# [Dataset content]
──────────

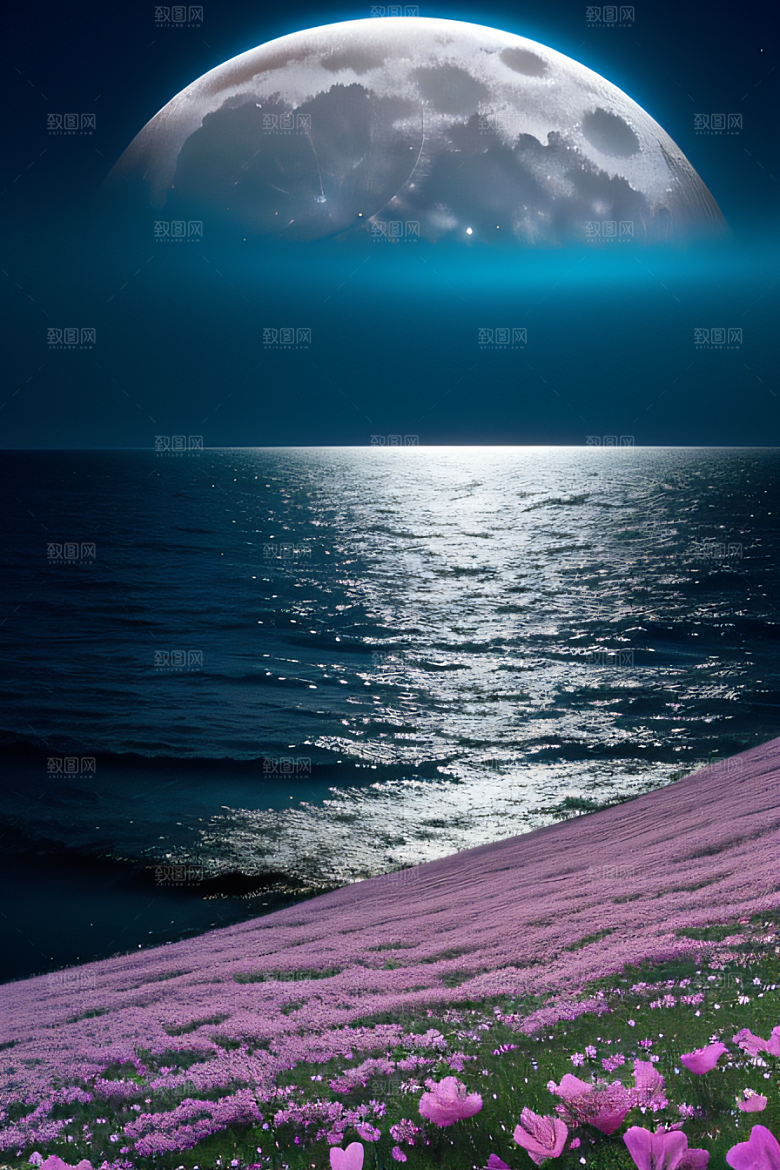 月夜之梦花海的幻境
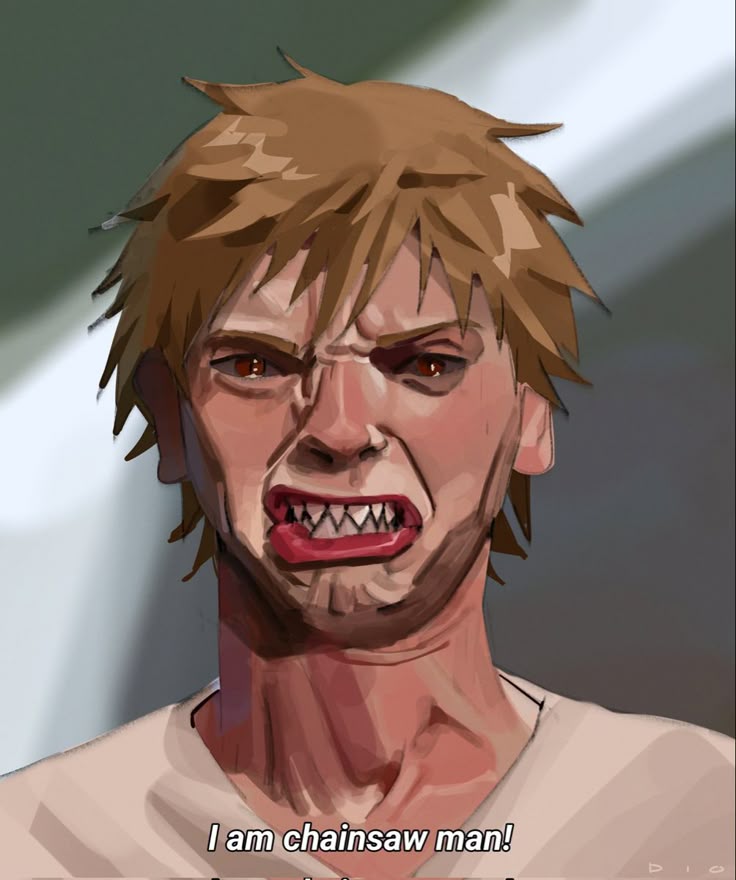 Denji meme | Manga panels matching pfp, Denji reference, Chainsaw man side profile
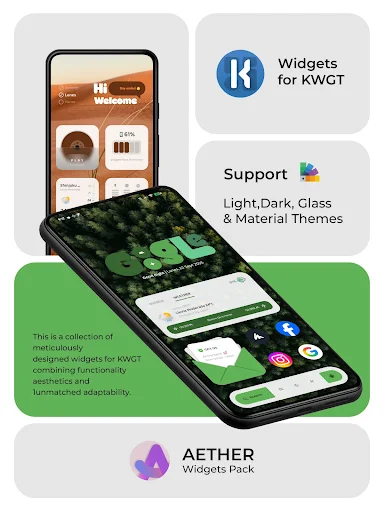 Aether Widgets KWGT - screenshot 1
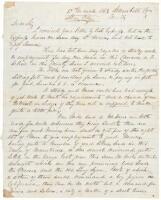 Autograph Letter Signed - 1863 Grass Valley Miner to the Comstock Lode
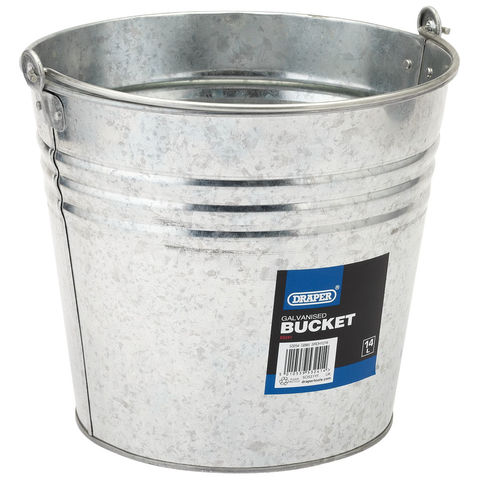 Draper 12L Galvanised Steel Bucket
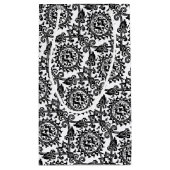 Damask Hare Pattern Kleine Geschenktüte (Rückseite)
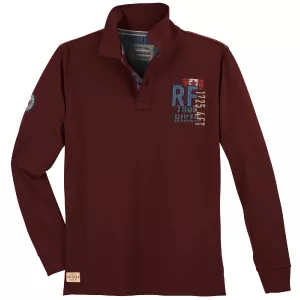 Polo manche longue Barolo foncé de 3XL à 10XL - The Rockies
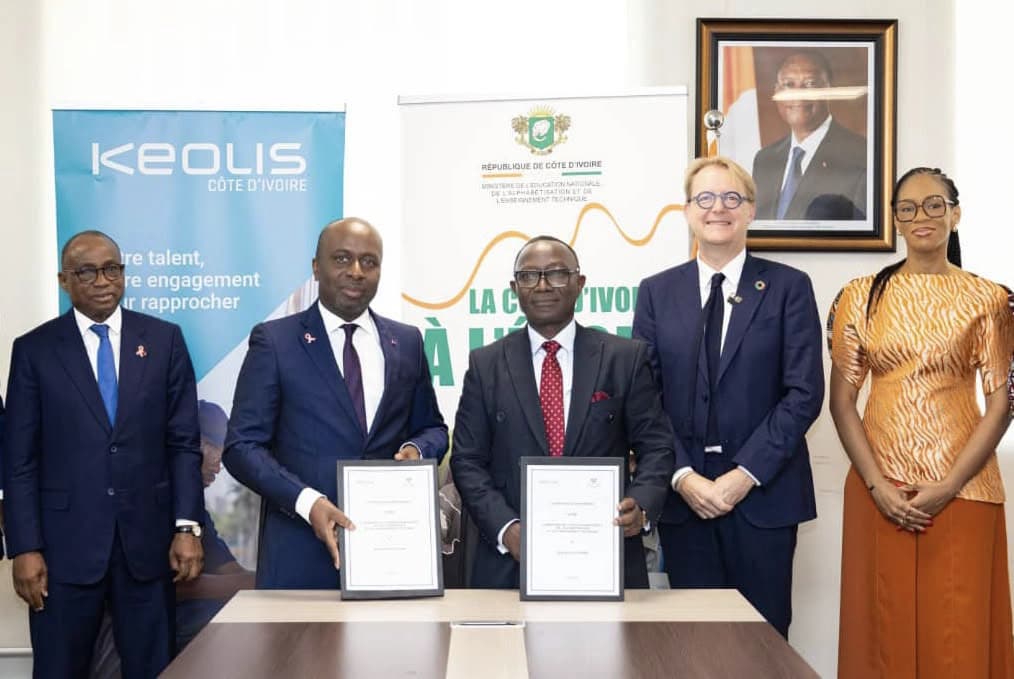 Côte d’Ivoire : N’ Guessan Koffi mise sur Keolis pour former les jeunes aux métiers du métro d’Abidjan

──────────

# [Brief]
Leave every picture out, and repeat exactly the lines from the one containing "Damask Hare Pattern" through the last line of the entries, both ends included.

# [Task solution]
 Damask Hare Pattern Kleine Geschenktüte (Rückseite)
 Polo manche longue Barolo foncé de 3XL à 10XL - The Rockies
 Côte d’Ivoire : N’ Guessan Koffi mise sur Keolis pour former les jeunes aux métiers du métro d’Abidjan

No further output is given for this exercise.